A step and a misstep at a time, I have taught myself to follow in her footsteps. I dried my tears, and I packed up the DVDs and went home. I decided — and when I wavered and faltered and failed, decided again — that I would be more than a vessel, more than just a facade of “goodness,” more than an exhausting-to-maintain construct that I (incorrectly) thought others wanted. I would be more than the target of an impossible swirl of expectations and demands.
I’m not done yet. It’s a process. Especially for those of us who are part demon.
I was not the lead character in my own life for a long, long time. Cordelia knew she wasn’t the lead character either, but she protagonized herself. She stole the life out from under the less interesting man at the center of the story.
“Demonize me already.”
I cried because I knew she was the hero, even if the show didn’t.
I’m not going to watch Angel again. Well, it’s unlikely. Those days are over; the help that I needed from it, I got.
Moments, scenes, lines linger. They always will. Lorne (RIP Andy Hallett) taught me to listen for the change. I still do. Sometimes I hear it. Even in accursed Los Angeles.
Supported by those who know and cherish me, I learned to listen for, and even sometimes love, the changes that crises and healing and deep grief bring. Three years after my father died, a fatal neurological disorder that took everything from my mother – except the love in her eyes – ended her life. After losing both parents – both galaxies – I often thought of this exchange from “Shells,” from Angel’s fifth season:
Illyria: We cling to what is gone. Is there anything in this life but grief?
Wesley: There’s love. There's hope — for some. There’s hope that you’ll find something worthy. That your life will lead you to some joy. That after everything, you can still be surprised.
Illyria: Is that enough? Is that enough to live on?
Many people have given up a great deal to bring the truths about bad people, bad situations, to light. To do that while keeping yourself alive, while continually choosing to occupy the role of a protagonist who fucking matters … I know what that costs.
I am sorrier than I can say that it took 20 years for Carpenter to feel safe enough to tell the truth about her experiences. Many have tried to make the industry a safer place to do things like that. If not for the courage of survivors of misconduct and abuse who have come forward — in so many places, at so many times — I would not have much hope. When she spoke out in early 2021, Carpenter brought a light to another dark time. What makes magic magical is that you don’t expect it.
I know someone from that world, the world of the man I will not name. She, like me, has made hard choices. Her choices cost her, thanks to a heartless industry and toxic superstructures that endlessly cater to the petty and the toxic and the cruel, but she never surrendered her soul.

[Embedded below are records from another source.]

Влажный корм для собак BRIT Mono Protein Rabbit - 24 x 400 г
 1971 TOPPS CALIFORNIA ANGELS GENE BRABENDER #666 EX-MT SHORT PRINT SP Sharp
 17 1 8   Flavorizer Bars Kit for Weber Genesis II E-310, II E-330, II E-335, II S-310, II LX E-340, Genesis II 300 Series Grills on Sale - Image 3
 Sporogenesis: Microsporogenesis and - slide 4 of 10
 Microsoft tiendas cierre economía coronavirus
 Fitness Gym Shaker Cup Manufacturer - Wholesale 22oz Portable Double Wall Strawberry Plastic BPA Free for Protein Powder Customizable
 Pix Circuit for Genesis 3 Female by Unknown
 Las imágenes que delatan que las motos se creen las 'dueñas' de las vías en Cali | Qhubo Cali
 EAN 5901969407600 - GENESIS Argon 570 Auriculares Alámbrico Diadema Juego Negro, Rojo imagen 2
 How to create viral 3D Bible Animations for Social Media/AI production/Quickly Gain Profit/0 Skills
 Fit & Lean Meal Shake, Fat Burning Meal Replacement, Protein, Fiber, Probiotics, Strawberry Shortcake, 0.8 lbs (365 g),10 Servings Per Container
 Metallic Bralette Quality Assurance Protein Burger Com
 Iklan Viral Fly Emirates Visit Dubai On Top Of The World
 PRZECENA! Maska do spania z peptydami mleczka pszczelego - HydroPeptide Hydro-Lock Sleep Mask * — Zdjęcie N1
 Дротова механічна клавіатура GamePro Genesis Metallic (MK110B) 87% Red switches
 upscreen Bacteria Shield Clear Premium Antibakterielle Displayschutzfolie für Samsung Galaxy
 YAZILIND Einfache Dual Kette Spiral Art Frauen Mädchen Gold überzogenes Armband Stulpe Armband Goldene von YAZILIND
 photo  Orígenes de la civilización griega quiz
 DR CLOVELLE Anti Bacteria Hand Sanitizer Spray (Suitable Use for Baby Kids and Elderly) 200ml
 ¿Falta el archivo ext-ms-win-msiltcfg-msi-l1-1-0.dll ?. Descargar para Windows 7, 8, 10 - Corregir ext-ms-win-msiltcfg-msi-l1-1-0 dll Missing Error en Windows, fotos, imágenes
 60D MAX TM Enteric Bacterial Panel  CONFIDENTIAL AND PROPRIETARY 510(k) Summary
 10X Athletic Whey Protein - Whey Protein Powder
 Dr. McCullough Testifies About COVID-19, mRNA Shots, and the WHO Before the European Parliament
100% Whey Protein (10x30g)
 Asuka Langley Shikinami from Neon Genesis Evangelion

One night, she said something — a concise, brilliant distillation, like all her work: “I guess if changing the world was easy, everyone would do it.”
Cordelia was not everyone. Carpenter is not everyone. My friend is not everyone. That’s why I treasure them.
We go on. I send my prayers and my thanks to those who have taken pieces of darkness and forged them into new things: A weapon. A light. A path. A tribe.
Survivors are many things; one of them is a community. They are in the world, phalanxes of them, in public places and private spaces, and they are lead characters. They are not silent.
They give me hope. Enough to live on.